Yes there are limits and restrictions in place for data retrieval. The Ocean
Color community is compromised of thousands of people from all around the world.
To give everyone in the community equal access to Ocean Color data there needs to be
limits set so one person does not prevent another from retrieving his or her

The primary focus of the restrictions are based upon amounts of connections and
time between connections.

Examples of ways to get blocked from data retrieval.
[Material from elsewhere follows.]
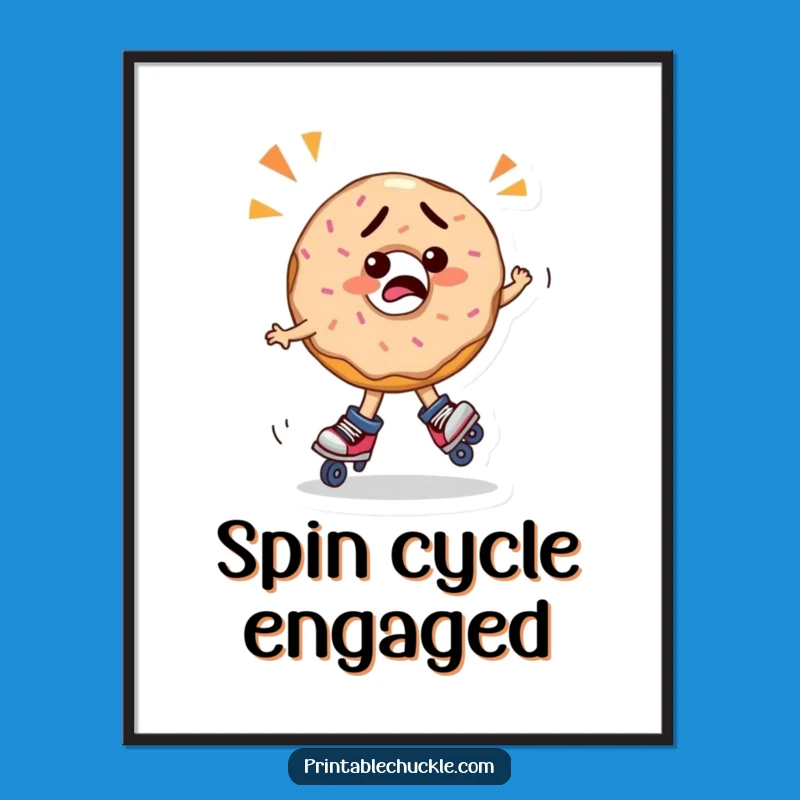 Funny Confused Donut Roller Skating Poster - Whimsical Wall Art Gift!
1. Retrieving the same file over and over again in a loop.
2. Flooding our network with connection attempts.
3. Using download accelerators.
4. Out of control scripts.

Where people get in trouble with the restrictions are when they write very
aggressive scripts. Scripting your data retrieval is a great idea. But you need
to bear in mind that when your script does the file retrieval too quickly
you will begin hitting the retrieval limits set by OBPG. Try to keep it to a
couple of connections at a time.

For example let's say you have a script that logs in and retrieves a FTP
directory listing of 1000 files. Then it executes an FTP request for each file
it just got a listing for. This in turn would open 1000 connections to the FTP
or web server at one time. Doing this in a loop until you successfully retrieve
all the files puts a heavy load on our servers. You are limited by the amount
of times you can login to the FTP server. All of the extra connections will just
be denied. The constant barrage of hundreds of connections at a time from
one host can also be viewed as a denial of service attack.

If you're going to try to script your data retrieval here are some suggestions
that will help insure the successful retrieval of that data.
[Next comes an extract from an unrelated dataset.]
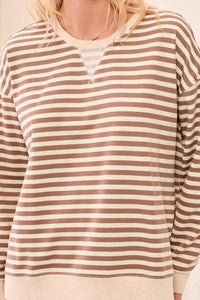 LONG SLEEVE STRIPE CREW-FOSSIL-TRIBAL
1. Use scriptable friendly programs like curl, wget or ncftpget. They have many
settings like timeout periods you can adjust to help things fail gracefully.

2. Use FTP programs that support resume functions. This will help you finish
downloading any file if your connection gets cutoff.

3. Try to keep your FTP connections to a couple at a time. Trying to login as
many times as possible over and over again will get you blocked at some point. A
couple of connections at a time will ensure you can login to get your data as
long as the server is not full.

4. Write your scripts with connection limits in mind. Pounding away with
hundreds of connections at once is useless. Put in sleep states between
file retrieval attempts. Keep track of the files you need and the files you
currently have. Request the files from your list a couple at a time. Then
after one of those files are done downloading request the next one.